Abstract

We present a knowledge-based threading scoring function that exploits the information about protein structure contained in residue packing/neighbor preferences. The proposed algorithm eliminates the stereochemically improbable physical contacts for each possible sequence-to-structure alignment. We use this algorithm to "filter" the score of the sequence-to-structure alignment. Filtering is dynamic, in the sense that the set of neighbor pairs contributing to the alignment score varies during threading. Whether or not a neighbor pair contributes to the score depends on the threaded amino acids.
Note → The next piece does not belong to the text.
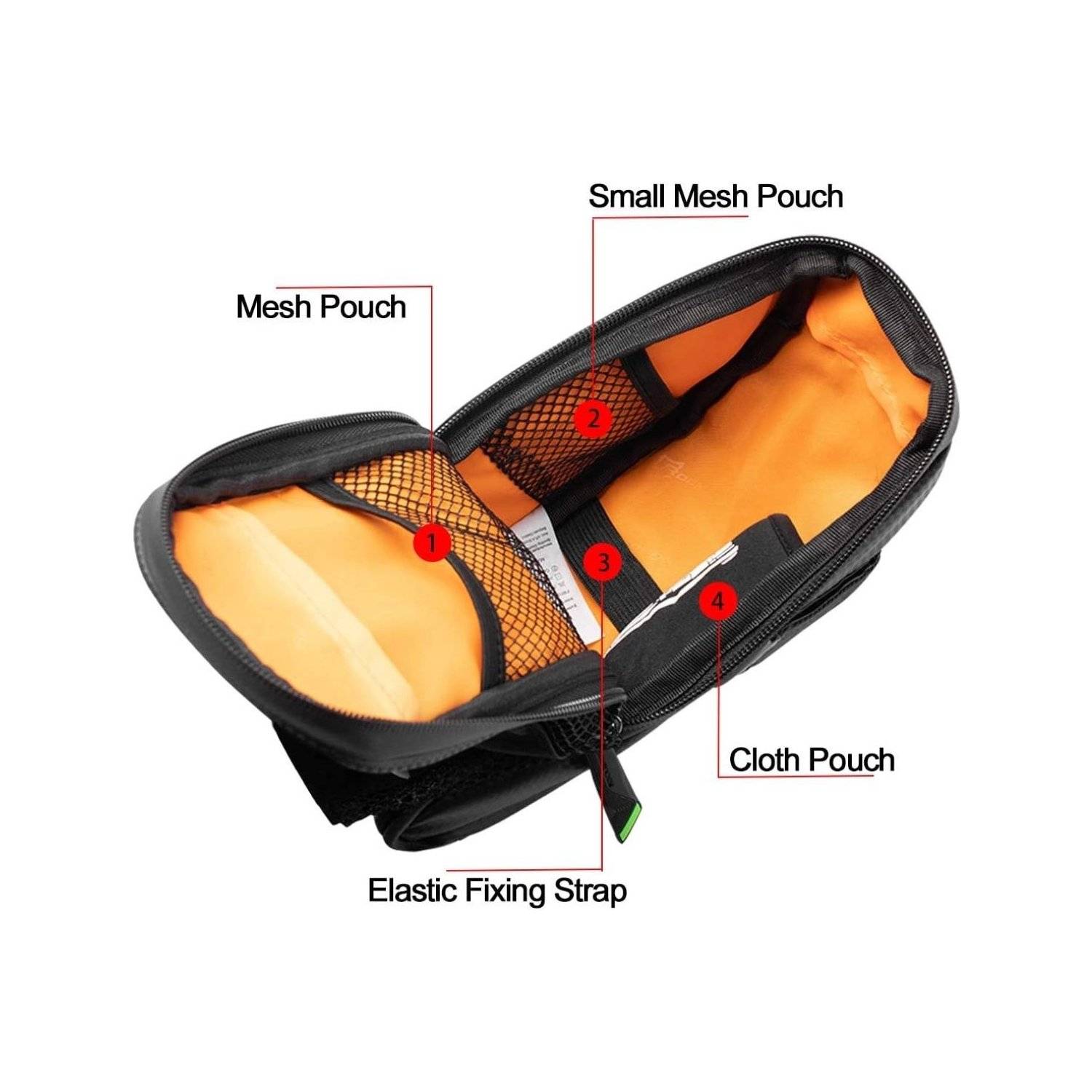 Tasche C7-1 wasserdichte Fahrradtasche mit Sattelbefestigung 1,5l Fassungsvermögen - Schwarz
We use a detailed structure description that encodes amino acid side-chain rotamer and physical contact preferences but does not imprint the fold model with the native sequence or native physical contacts. We discretize this description to collect accurate statistics for the scoring function generation. We use the original detailed description for the neighbor filtering. On average, the filtered neighbors threading (FNT) method predicts the sequence-to-structure alignment twice as accurately as does the "standard" unfiltered neighbors threading. For the set of threadings tested by the PHDthreader method, the FNT gives predictions with a sequence-to-structure alignment accuracy of 46.9%, which amounts to a 74% improvement in alignment sensitivity compared with PHDthreader predictions. These results show that reduction of noise from the observed neighbor pair preferences by filtering leads to noticeable improvements in the predicted sequence-to-structure alignments.